But it will take several shifts to arrive - hopefully - at that
conclusion. The first shift: The text will freely turn the title
upside down - transforming the question "How does the computer
engineer reality?" into the question "How does reality
engineer the computer?" although the context of the title
seems to push its meaning towards a "Computer-assisted construction
of reality" - as the press text suggests. But "and"
arranges the relation in "reality engineering and the computer"
loosely enough to leave some possibilities - like to invert the
relation. And why should one hand out reality only to one side
of the screen, especially because there is already an established
discourse about how media is constructing and changing reality
- frightening analyses which are most of the time ruled by "Kulturpessimismus"
- as we say in German. Therefore the text will re-arrange the
positions in order to demonstrate how these theories of technology
themselves are constructed, and how they construct the technical
discours and with it the technical reality.
By doing so we accept, that there are not only technical protocols
which set the framework to determine a course. The concepts of
media theory do set frameworks as well, and they codify the discourse
and therefore the practices of technology. So the following text
understands media-theory as a theoretical protocol, which does
not only produce a certain view on technology, but a view that
constitutes facts. Armed with the French Sociologist Bruno Latour
who showed that objects can't be divided from the subjects - and
we will take those here as our deputies of reality - it will analyse
how the discours and the practices of the technology of the Internet
is influenced by theoretical concepts.

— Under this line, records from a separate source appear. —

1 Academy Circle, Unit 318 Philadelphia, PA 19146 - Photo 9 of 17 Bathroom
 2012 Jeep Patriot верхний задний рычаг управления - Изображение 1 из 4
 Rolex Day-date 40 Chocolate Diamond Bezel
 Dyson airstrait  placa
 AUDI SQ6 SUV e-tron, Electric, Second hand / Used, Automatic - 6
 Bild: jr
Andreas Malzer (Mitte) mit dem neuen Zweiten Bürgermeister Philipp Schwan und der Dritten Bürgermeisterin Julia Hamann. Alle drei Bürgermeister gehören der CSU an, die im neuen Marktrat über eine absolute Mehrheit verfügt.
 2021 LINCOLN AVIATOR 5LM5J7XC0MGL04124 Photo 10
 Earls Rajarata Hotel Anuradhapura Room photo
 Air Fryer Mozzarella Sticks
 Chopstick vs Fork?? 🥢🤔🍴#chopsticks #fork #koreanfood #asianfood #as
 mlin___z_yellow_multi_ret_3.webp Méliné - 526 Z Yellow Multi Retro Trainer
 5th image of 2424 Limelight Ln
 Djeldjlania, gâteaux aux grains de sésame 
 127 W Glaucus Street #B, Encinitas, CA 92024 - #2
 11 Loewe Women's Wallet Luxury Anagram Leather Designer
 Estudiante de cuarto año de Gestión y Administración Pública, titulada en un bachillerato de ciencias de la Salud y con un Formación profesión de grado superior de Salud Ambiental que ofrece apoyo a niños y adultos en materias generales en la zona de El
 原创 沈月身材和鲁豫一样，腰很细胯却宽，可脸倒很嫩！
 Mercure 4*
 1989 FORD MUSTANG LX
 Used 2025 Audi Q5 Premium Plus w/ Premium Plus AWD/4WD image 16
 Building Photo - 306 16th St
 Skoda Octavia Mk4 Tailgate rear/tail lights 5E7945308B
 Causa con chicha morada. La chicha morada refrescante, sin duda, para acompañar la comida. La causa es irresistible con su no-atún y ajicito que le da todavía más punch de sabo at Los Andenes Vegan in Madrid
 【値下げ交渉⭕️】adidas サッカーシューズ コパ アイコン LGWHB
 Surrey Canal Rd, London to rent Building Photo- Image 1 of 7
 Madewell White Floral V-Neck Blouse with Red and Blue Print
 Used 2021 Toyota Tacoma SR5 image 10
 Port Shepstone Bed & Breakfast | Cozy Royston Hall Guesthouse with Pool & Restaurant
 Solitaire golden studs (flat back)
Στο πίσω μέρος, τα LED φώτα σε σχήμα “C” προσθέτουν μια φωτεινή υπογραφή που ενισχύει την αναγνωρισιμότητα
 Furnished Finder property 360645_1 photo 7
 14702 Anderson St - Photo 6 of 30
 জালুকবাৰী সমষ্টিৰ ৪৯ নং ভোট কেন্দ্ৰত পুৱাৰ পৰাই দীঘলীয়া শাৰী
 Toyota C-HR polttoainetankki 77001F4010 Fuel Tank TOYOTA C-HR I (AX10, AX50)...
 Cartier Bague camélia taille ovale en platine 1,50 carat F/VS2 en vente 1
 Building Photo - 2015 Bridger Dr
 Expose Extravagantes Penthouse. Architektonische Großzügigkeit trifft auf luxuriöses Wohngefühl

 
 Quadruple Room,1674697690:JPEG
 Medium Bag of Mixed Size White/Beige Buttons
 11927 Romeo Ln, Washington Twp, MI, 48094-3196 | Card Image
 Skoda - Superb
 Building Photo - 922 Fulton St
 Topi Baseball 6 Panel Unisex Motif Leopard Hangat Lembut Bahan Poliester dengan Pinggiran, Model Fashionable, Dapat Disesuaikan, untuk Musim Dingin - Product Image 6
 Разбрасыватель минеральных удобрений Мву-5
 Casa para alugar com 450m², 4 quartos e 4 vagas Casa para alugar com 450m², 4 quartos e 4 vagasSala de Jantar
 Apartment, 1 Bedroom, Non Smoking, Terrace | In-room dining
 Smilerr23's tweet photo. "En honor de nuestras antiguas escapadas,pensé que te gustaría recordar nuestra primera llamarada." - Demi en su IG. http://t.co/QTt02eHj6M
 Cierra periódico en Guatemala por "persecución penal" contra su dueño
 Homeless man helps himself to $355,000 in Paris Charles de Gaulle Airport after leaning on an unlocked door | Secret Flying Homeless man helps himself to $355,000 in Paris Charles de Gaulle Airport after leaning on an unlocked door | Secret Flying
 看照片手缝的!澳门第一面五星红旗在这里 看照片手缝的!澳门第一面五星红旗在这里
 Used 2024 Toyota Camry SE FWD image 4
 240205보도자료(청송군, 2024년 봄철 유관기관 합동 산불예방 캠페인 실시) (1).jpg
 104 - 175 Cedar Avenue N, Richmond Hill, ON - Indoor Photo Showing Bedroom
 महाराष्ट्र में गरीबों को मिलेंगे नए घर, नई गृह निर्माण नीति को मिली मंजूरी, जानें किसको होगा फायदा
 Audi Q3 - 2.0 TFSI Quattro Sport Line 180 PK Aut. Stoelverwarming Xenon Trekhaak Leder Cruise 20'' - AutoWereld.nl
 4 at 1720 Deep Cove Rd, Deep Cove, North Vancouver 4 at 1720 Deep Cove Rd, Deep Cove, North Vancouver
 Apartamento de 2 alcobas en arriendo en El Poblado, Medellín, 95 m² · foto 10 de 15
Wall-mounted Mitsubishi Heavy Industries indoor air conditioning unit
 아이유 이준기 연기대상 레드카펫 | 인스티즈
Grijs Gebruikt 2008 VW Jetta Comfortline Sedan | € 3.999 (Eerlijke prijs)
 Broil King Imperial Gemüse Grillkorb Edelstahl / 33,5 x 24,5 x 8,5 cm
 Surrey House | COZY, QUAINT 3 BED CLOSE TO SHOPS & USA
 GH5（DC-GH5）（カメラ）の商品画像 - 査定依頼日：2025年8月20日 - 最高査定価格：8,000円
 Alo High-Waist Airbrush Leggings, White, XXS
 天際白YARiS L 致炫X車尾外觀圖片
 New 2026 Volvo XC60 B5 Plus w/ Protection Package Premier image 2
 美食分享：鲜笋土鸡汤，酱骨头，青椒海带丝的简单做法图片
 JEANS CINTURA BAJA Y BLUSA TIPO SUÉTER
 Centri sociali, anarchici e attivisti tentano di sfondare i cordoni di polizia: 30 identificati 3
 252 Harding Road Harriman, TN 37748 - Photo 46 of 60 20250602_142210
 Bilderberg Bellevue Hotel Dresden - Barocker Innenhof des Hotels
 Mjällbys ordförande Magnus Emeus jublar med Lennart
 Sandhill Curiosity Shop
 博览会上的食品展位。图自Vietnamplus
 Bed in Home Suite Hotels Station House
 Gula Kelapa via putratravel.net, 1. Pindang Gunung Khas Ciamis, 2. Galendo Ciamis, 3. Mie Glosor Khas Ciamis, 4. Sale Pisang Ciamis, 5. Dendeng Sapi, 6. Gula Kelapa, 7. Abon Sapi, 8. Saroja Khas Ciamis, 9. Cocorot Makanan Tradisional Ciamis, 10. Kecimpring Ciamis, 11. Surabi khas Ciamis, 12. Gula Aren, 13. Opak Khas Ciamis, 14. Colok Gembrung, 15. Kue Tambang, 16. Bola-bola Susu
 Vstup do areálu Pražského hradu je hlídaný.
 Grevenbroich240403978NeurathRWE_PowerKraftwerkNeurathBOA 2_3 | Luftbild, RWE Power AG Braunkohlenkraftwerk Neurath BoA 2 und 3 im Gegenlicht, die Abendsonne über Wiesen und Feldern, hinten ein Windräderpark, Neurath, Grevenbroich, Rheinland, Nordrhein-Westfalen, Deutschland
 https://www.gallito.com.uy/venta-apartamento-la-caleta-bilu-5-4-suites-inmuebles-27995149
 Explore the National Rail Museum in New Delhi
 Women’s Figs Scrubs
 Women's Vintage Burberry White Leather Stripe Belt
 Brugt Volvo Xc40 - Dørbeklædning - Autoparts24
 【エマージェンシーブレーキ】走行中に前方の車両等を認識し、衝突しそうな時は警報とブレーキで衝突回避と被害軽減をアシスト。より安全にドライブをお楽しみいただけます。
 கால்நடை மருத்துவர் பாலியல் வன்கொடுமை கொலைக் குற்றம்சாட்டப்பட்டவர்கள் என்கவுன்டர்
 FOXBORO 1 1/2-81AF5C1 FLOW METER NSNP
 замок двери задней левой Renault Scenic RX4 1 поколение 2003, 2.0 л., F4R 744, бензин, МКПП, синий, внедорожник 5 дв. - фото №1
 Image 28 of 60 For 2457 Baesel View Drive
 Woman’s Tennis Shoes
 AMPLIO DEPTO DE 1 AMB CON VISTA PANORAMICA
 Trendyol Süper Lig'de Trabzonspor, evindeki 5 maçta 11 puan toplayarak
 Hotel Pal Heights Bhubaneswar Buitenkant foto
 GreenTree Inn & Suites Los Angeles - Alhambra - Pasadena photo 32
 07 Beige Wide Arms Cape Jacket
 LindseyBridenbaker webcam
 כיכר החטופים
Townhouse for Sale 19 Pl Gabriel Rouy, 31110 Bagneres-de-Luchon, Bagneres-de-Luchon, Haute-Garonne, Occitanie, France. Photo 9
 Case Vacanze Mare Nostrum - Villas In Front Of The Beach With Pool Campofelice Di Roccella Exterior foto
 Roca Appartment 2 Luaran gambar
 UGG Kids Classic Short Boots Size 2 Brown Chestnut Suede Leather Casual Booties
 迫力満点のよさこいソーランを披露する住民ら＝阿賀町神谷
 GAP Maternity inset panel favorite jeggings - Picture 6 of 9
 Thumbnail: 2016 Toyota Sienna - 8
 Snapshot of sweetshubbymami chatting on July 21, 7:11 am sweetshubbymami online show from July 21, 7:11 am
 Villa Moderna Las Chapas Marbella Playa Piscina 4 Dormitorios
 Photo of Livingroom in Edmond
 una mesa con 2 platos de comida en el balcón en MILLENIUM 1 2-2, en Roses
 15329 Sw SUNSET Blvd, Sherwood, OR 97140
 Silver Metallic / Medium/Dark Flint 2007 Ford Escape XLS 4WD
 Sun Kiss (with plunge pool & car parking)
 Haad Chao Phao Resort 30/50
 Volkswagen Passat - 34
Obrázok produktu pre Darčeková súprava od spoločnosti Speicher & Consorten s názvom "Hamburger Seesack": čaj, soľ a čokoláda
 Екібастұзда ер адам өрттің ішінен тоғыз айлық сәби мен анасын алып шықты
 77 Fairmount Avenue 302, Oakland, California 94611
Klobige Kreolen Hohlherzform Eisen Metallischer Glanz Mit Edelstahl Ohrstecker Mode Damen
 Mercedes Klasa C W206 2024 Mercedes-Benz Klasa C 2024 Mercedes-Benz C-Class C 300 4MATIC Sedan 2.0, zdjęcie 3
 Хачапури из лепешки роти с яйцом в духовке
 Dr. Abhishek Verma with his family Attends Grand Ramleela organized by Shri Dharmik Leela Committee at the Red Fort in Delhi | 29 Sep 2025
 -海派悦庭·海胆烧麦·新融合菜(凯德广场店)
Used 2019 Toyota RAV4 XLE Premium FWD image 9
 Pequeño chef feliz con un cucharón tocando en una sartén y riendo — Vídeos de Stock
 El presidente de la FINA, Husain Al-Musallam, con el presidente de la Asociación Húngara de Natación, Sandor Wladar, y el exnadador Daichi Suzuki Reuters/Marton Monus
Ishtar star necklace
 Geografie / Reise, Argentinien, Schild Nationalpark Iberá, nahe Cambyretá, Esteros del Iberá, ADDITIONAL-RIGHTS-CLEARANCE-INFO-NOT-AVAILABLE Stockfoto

So on a basic layer we
are about to ask the following questions. [1] Which concept of
a human subject is developed by a specific media theory? [2] How
is the "and" organized and consequently what is the
additional role that the technology must play?
I. For many years now
For many years now it has been common to refer to technology
as an "extension of man". Indeed, "the extension
of man" sounds as funky as "planet of the apes"
and one wonders why the concept did not make it to Hollywood as
a movie title. There wouldn't even be any copyright problems.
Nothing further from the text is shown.